BEFORE: Robert Herman, Vice-Chair, and Board Members R. M. Sloan and K. Davies.
APPEARANCES: M. Pollock and Livio Balanzin for Cement Masons Local 598; Ronald Davis, Antonio Cornacchia and Michael Mihajlovic for Labourers Local 506; Antonio Disotto for Crete Flooring Group Limited.
DECISION OF THE BOARD; July 8, 1992
This is an application for certification (Board File No. 4150-91-R) arising in the construction industry, in which the applicant Labourers' Local 506 seeks to displace the intervener as bargaining agent and has requested that a pre-hearing representation vote be taken. The intervener Cement Masons' Local 598 has filed an unfair labour practice complaint (Board File No. 0243-92-U) against the Labourers' and the employer. In turn, the Labourers' has filed an unfair labour practice complaint (Board File No. 0782-92-U), and it relies upon the provisions of section 8 of the Act in support of its certification application.
Prior to the representation vote being directed, an issue arose over the question of voter eligibility. Because it appeared that application of the Board's customary voter eligibility rules would mean that no one could vote, and because the applicant requested it, a hearing was held prior to the vote. At the hearing, the Board reserved its decision, and directed that a representation vote be held, and that each ballot cast be segregated and the ballot box sealed, pending the agreement of the parties otherwise, or until the Board otherwise directed. We now provide our decision.
Ordinarily, when a pre-hearing representation vote is requested in a certification application, whether it arises in the construction industry or not, those eligible to vote will be those individuals who are considered to be employees in the voting constituency as of two different dates, both as of the terminal date and as of the date the vote is taken. (In pre-hearing applications, the appropriate bargaining unit is not determined until after the vote is held.) In non-construction prehearing vote certification applications, the voter eligibility requirements are described in terms of those employees who "are employed in" the voting constituency on the terminal date and the day the vote is taken, while in construction certifications, those eligible to vote are described as those "at work in" the voting constituency as of the same two dates. (See City Plumbing (Kitchener) Limited, [1987] OLRB Rep. June 810.)
Practice Note No. 9 describes voter eligibility requirements for pre-hearing representation votes. That Practice Note reads as follows:
APPLICATION FOR CERTIFICATION
PRE-HEARING REPRESENTATION VOTES
DATE FOR DETERMINING ELIGIBILITY OF VOTERS
Where a trade union, in applying for certification, requests a pre-hearing representation vote and the Board directs that such a vote be taken, it has been the practice of the Board, except in special circumstances, to direct that the employees in the voting constituency who are eligible to vote are those in the employ of the employer on the terminal date fixed for the application in accordance with Section 2 of the Board's Rules of Procedure.

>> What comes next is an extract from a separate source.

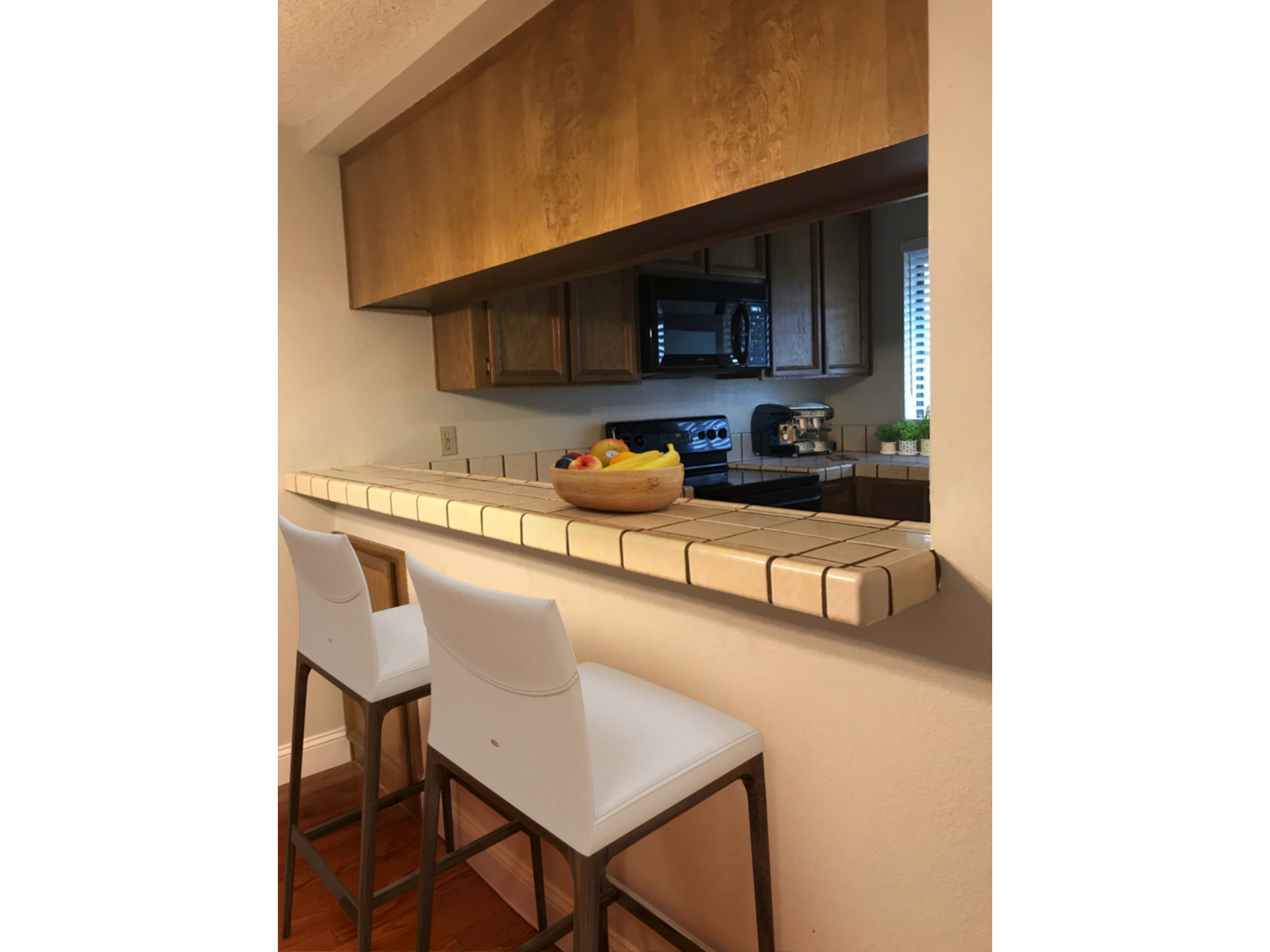 Kitchen/Bar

If any party wishes to have eligibility determined as of some date other than the terminal date for the application, representations as to the reason therefor should be made to the Labour Relations Officer appointed to confer with the parties at the time of the Labour Relations Officer's meeting.
Practice Note No. 9 dates from August, 1964. It arose at a time when the Board applied similar practices to construction and non-construction certification applications. This is no longer true, and has not been the case for many years now. For that matter, the Practice Note itself does not reflect current practice, for it indicates that only one date is determinative, the terminal date, rather than the "two date" requirement.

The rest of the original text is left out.